We all have things we wish we had said to someone –a proclamation of love that went unsaid or standing up for oneself in an awkward situation; times where, in hindsight, we would have said things differently.  In some cases, like my stepdaughter’s accident, there is no way to know that you are going to regret the lost opportunity and there is no chance to change that.  But, more often than not, we have another chance to speak up and say what we want.

It takes guts to confront someone but it can be done effectively by moving beyond the emotionality of the situation.  When someone says something that upsets us we have an immediate mind-body reaction.  Our blood gets pumping, our anger or embarrassment rises, we can feel it in our stomach and we want to lash out.  And in that case, it’s a good thing we don’t immediately say something as reacting from a place of emotion doesn’t usually have a positive outcome.  But that doesn’t mean you shouldn’t ever speak up.
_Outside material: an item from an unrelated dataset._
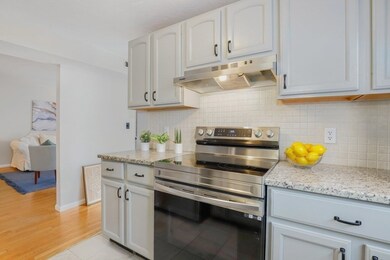 25 Rockland St unit 7, West Roxbury, MA 02132 - photo 7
Avoiding conflict may be the right thing to do in the moment; however, as with my friend with the abusive boss, not ever addressing it can cost you dearly.  Don’t view waiting as a missed opportunity, and don’t let it be your excuse for never addressing it.  Taking the time necessary to calm down will allow you to formulate a rational response and alleviate a lot of future angst.  Sometimes it can just take a count to 10, a brief pause to calm your nerves and let your mind sort through your reaction so you can respond.  Other times, you may have to take a day or two to until you find a statement that feels right.  Addressing an issue later, when it is less volatile, can be far more productive for all parties.  Living your life saying “I wish I said that,” not so productive.